Anyway this is what I did. Suppose that $a < 9b$. (Need to check what should be corrected if $a > 9b$).

Step 1: Compute $l$.

enter image description here

See there is a right triangle. By the Pythagorean theorem,

$$ l^2 = (a+b)^2 - (a-b)^2 \quad \Rightarrow \quad l = 2\sqrt{ab}. $$

Step 2: Compute $d$. This is the bloody part.

enter image description here

If the radius of the giant circle is $R$, the two segments connecting the centers should be of length $R-a$ and $R-b$, respectively. Use two Pythagorean theorem to calculate their length gives the equation

$$ a - b = \sqrt{(d+b)^2 + (a+2\sqrt{ab})^2} - \sqrt{(d+a)^2 + a^2}. $$

Typically this involves squaring the equation twice. First, move the terms:

$$ \sqrt{(d+a)^2 + a^2} + a - b = \sqrt{(d+b)^2 + (a+2\sqrt{ab})^2}. $$

Take square on both sides. Simplify it, YOLO!

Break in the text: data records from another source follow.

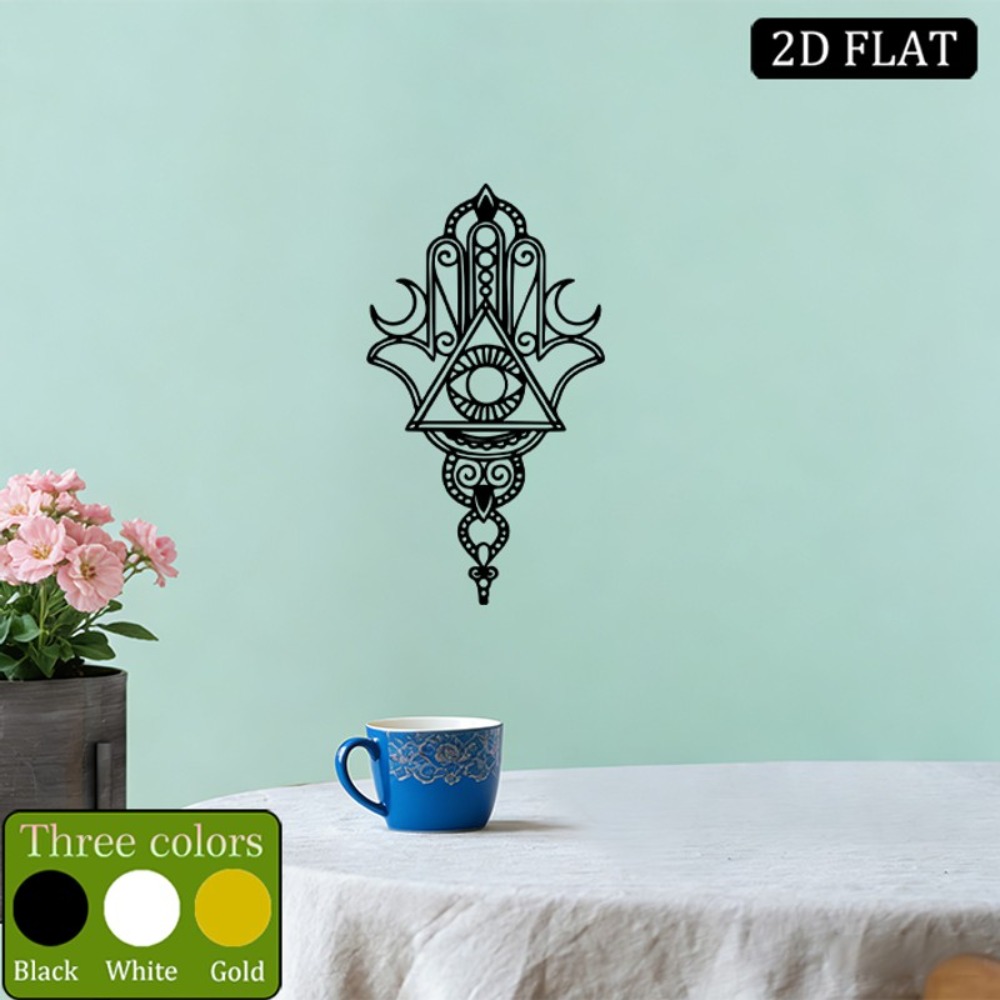 Home Decor In - CIFBUY งานศิลปะติดผนังเหล็ก รูปปั้นโลหะฮัมซาและตาปีศาจ ป้ายแขวนกันสนิม ตกแต่งบ้าน ห้องนอน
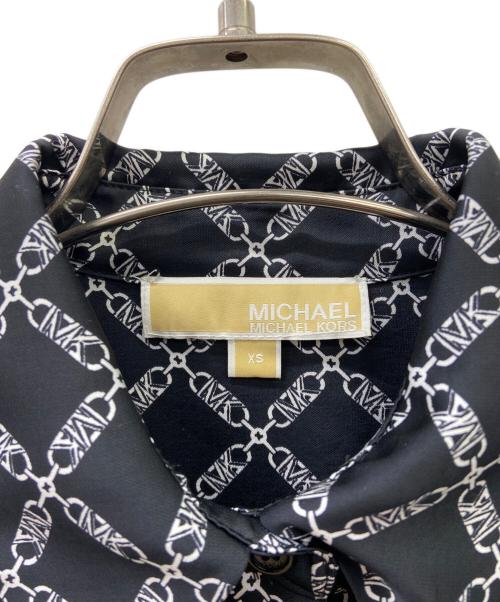 MICHAEL KORS（マイケル・コース）MICHAEL KORS (マイケル・コース) MICHAEL KORS　半袖ブラウス ブラック×ホワイト サイズ:XSの古着・服飾アイテム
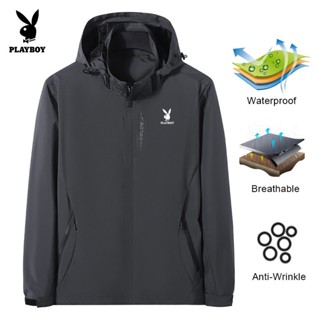 Playboy เสื้อแจ็กเก็ต กันลม ระบายอากาศ กันน้ํา สวมใส่สบาย แฟชั่นสําหรับผู้ชาย และคู่รัก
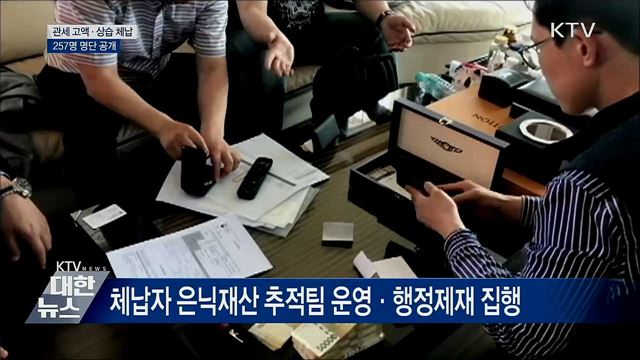 고액·상습 관세체납자 257명 명단 공개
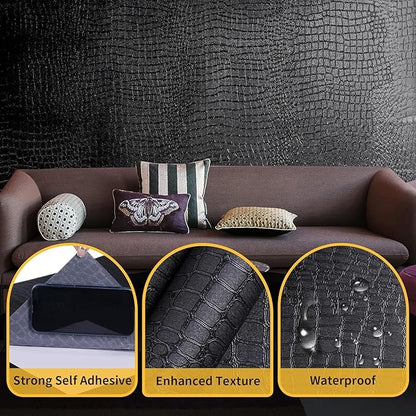 Black Peel and Stick Wallpaper, 15.7" X 78.7", Embossed Crocodile Wallpaper, Easy Peel Off, Self-Adhesive, Removable Contact Paper, Textured for Cabinet, Bedroom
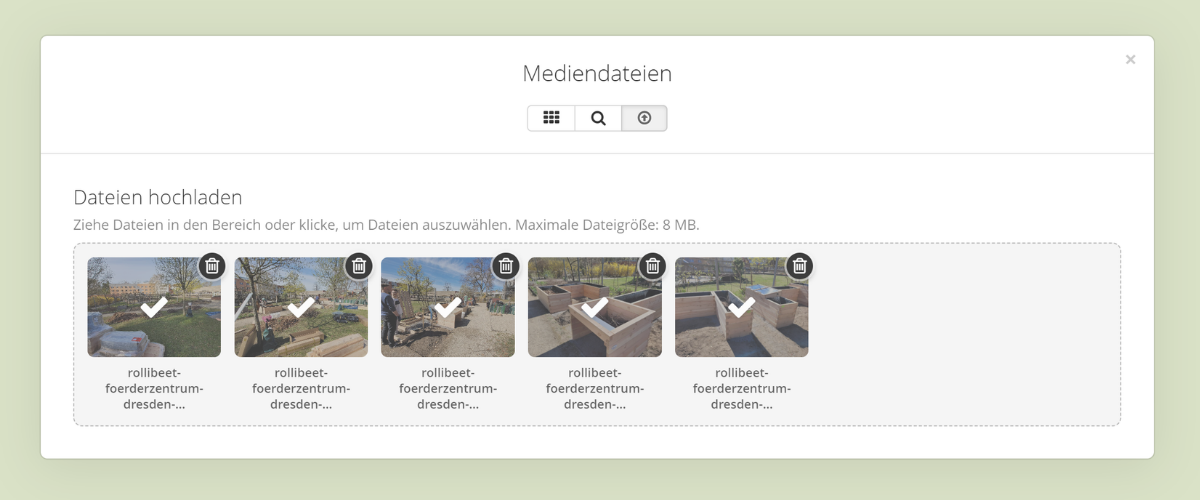 Neuer Datei-Upload-Dialog in Dropper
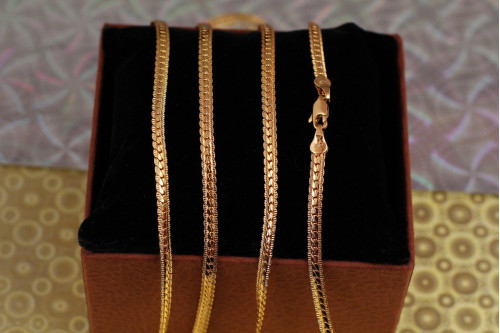 Ланцюг Xuping Jewelry Снейк з гранкою 50 см 4 мм золотистий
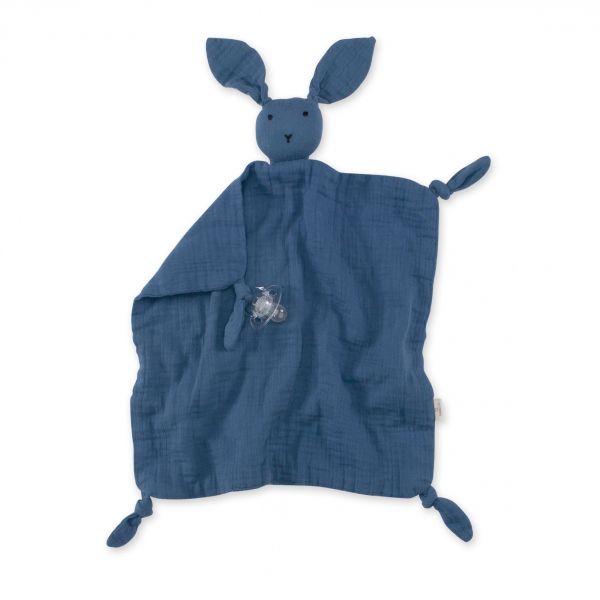 Doudou lapin 40x40 cm Bleu foncé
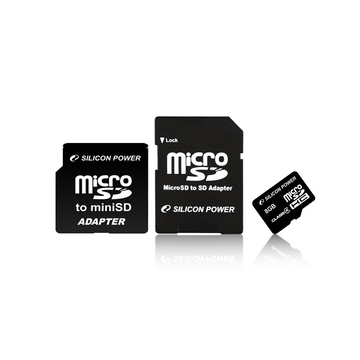  MicroSDHC 08Гб Silicon Power Класс 4 (2 адаптера)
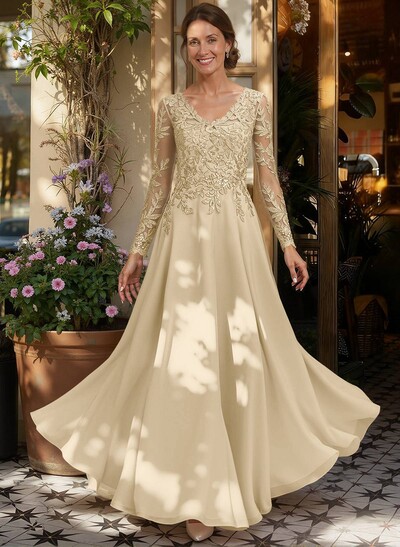 A-Line V-Neck Long Sleeves Floor-Length Chiffon/Sequined Mother Of The Bride Dresses With Sequins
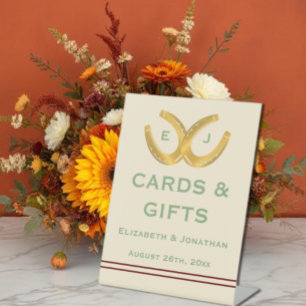 Western Horseshoes Wedding Pedestal Sign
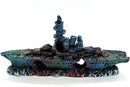 Aquarium decoratie Slagschip 2 Realistische hars ornamenten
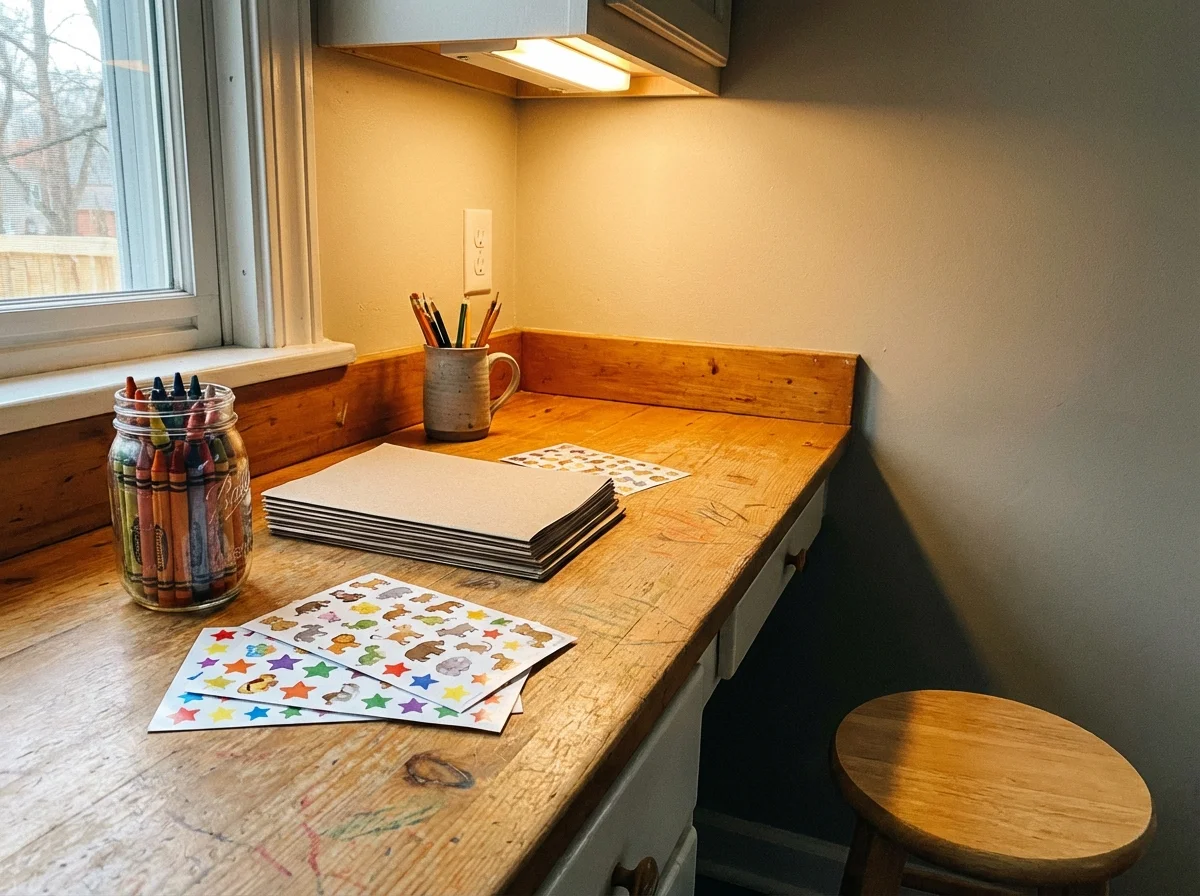 Simple kids art station set up on kitchen counter corner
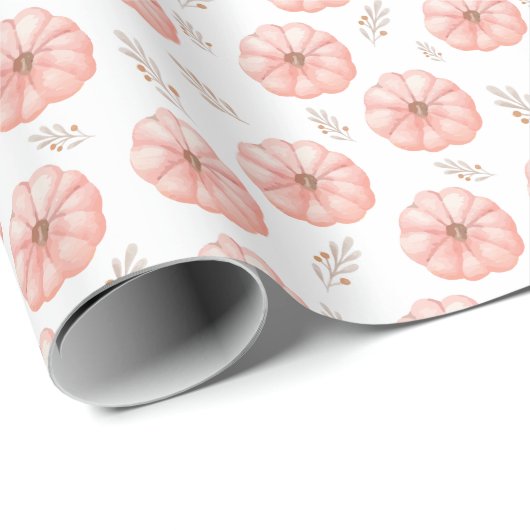 Leuke roze Waterverf pompoen Herfst Cadeaupapier (Rol Hoek)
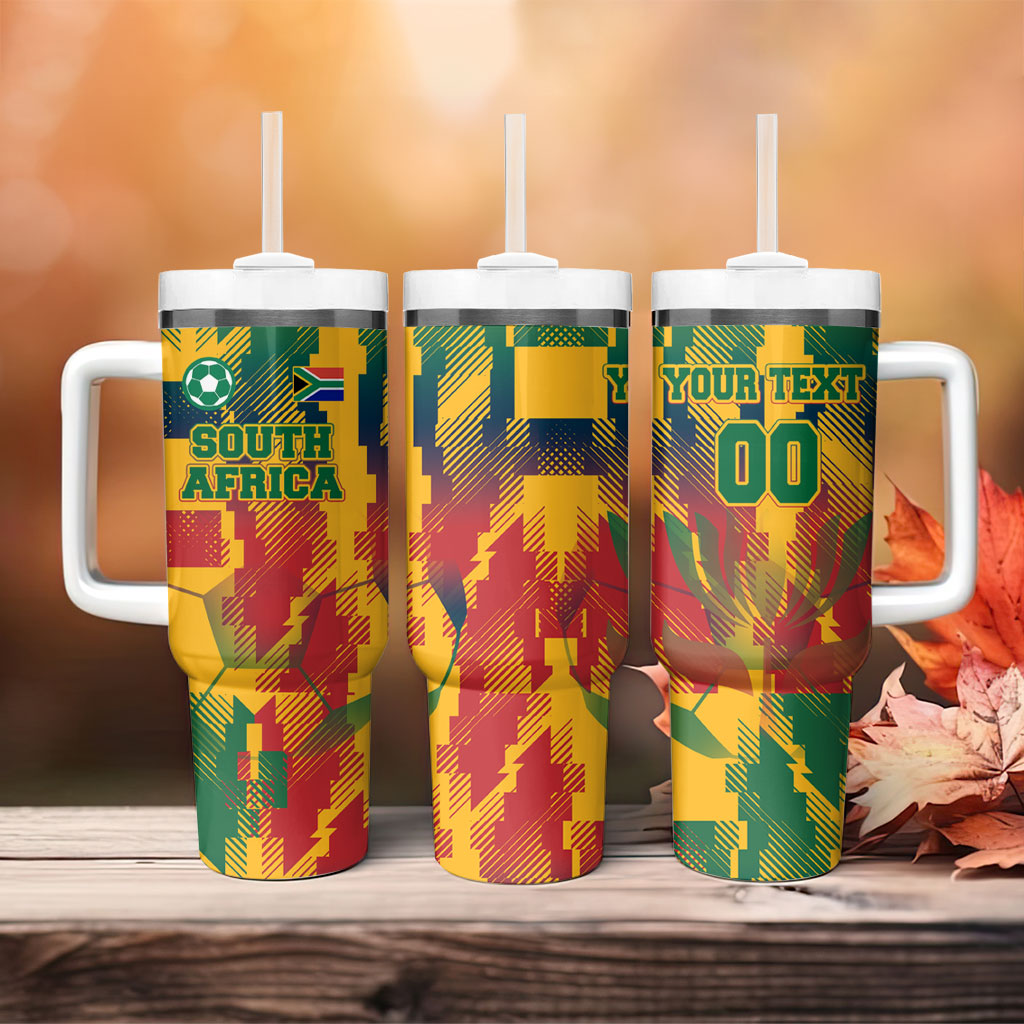 Personalized South Africa Football Tumbler With Handle South African Flag Inspiration - Soccer Graphic Bold Color Blocks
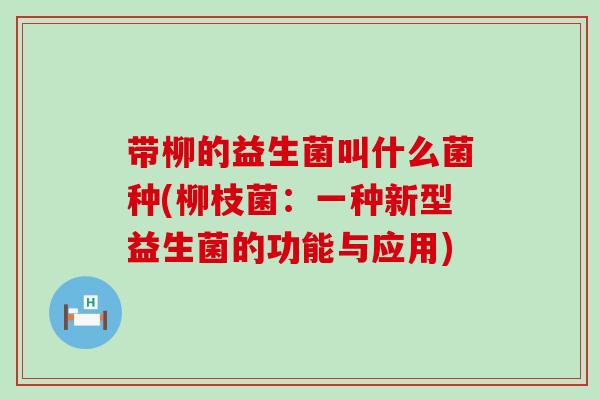 带柳的益生菌叫什么菌种(柳枝菌：一种新型益生菌的功能与应用)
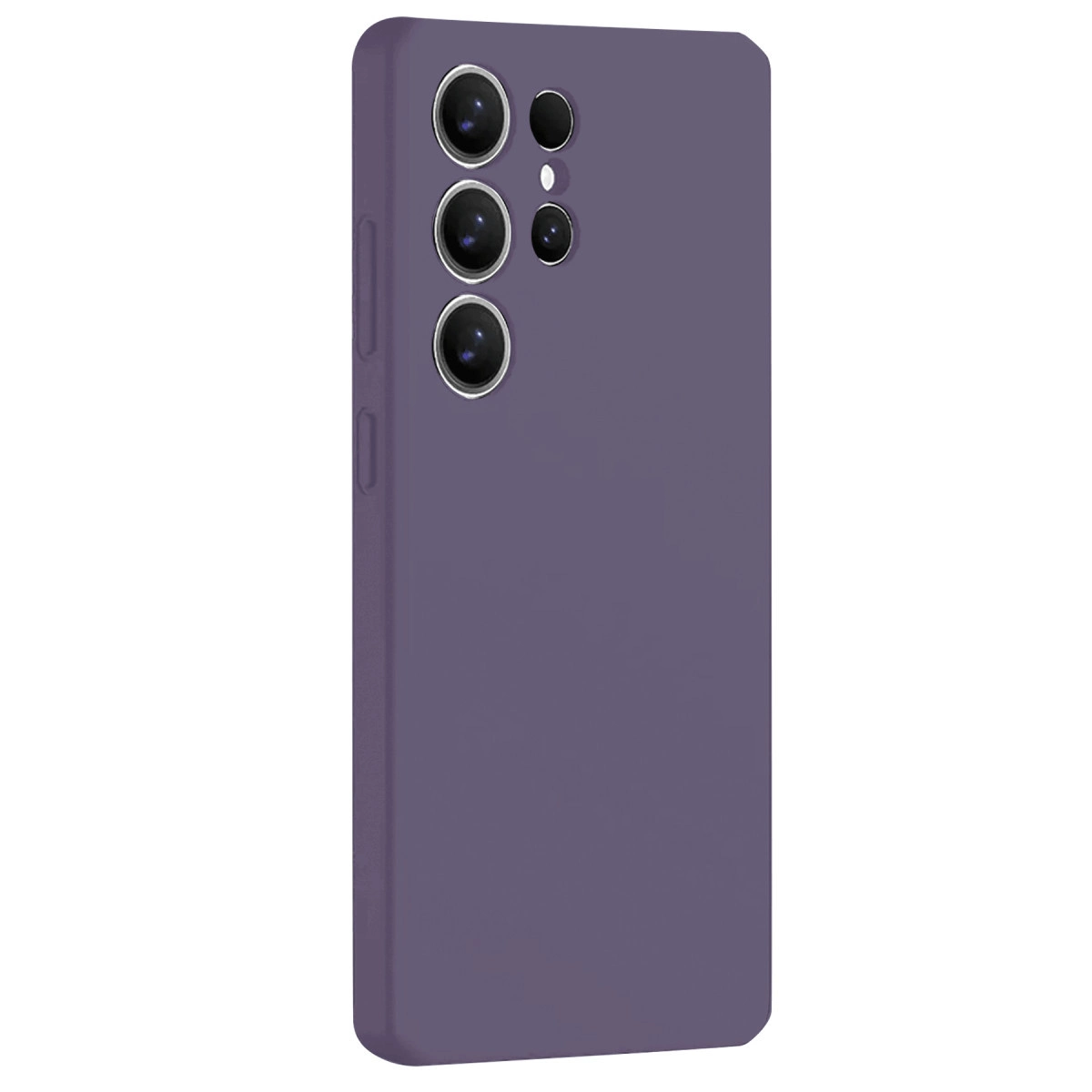 Arkada dört kamera lensli mor telefon kılıfı.
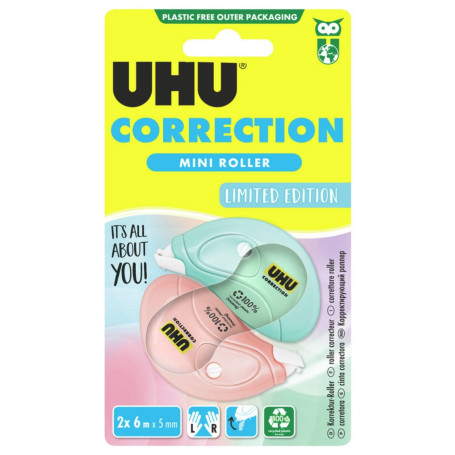 UHU Rollers Correcteur - Ruban Correcteur Mini Pastel Kawaii - Rapide Propre Et Précis - Avec Capuchon Protecteur - Fournitures 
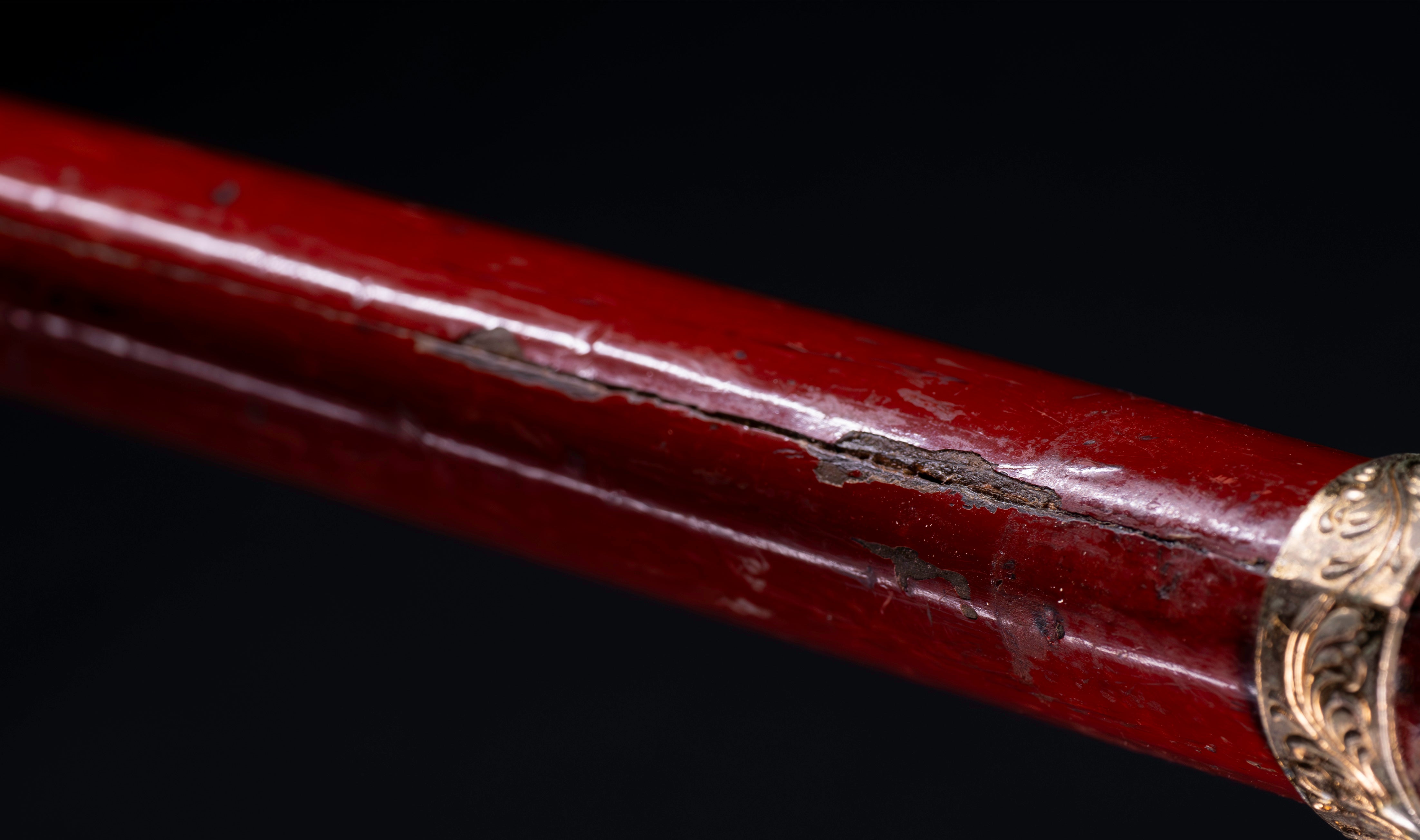 Antique Japanese Katana: Vermilion Lacquer Saya, Sparrow Fuchi-Kashira — 41 of 46
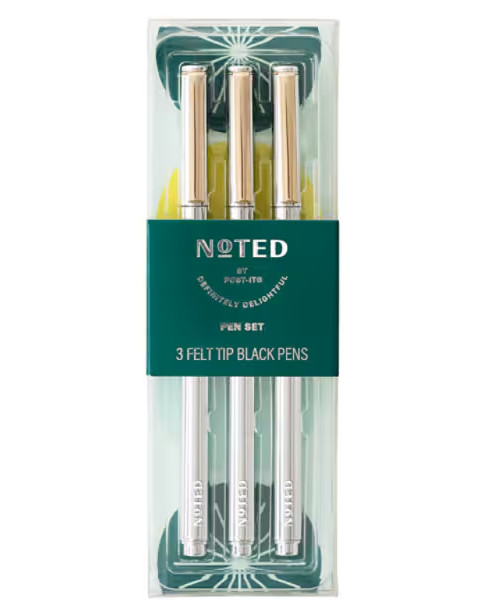 Noted By Post-it  3 Black Felt Tip Pens W/Metallic Silver Barrel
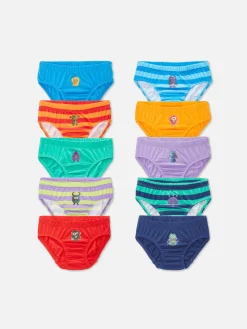 Sous-Vêtement|Primark Lot De 10 Culottes à Imprimé Monstre Multicolore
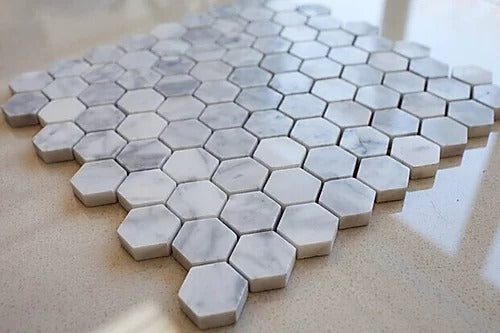 Elegant Mosaic MW12 White Carrara 1-1/4" Hexagon on 12" x 11.5"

$$ -a(\sqrt a - 3\sqrt b) - (\sqrt a - \sqrt b)d = (\sqrt a - \sqrt b)\left(\sqrt{(d+a)^2 + a^2}\right) $$

Take square another time. Observe that $d^2$ term cancelled and it is indeed a linear equation. Thank god...

$$ \begin{aligned} 2(\sqrt a - \sqrt b)d(2\sqrt b) &= a(-a - 2\sqrt{ab} + 7b)\\ d &= \frac{a(-a - 2\sqrt{ab} + 7b)}{4\sqrt b (\sqrt a - \sqrt b)}. \end{aligned} $$

Step 3: Compute $R$.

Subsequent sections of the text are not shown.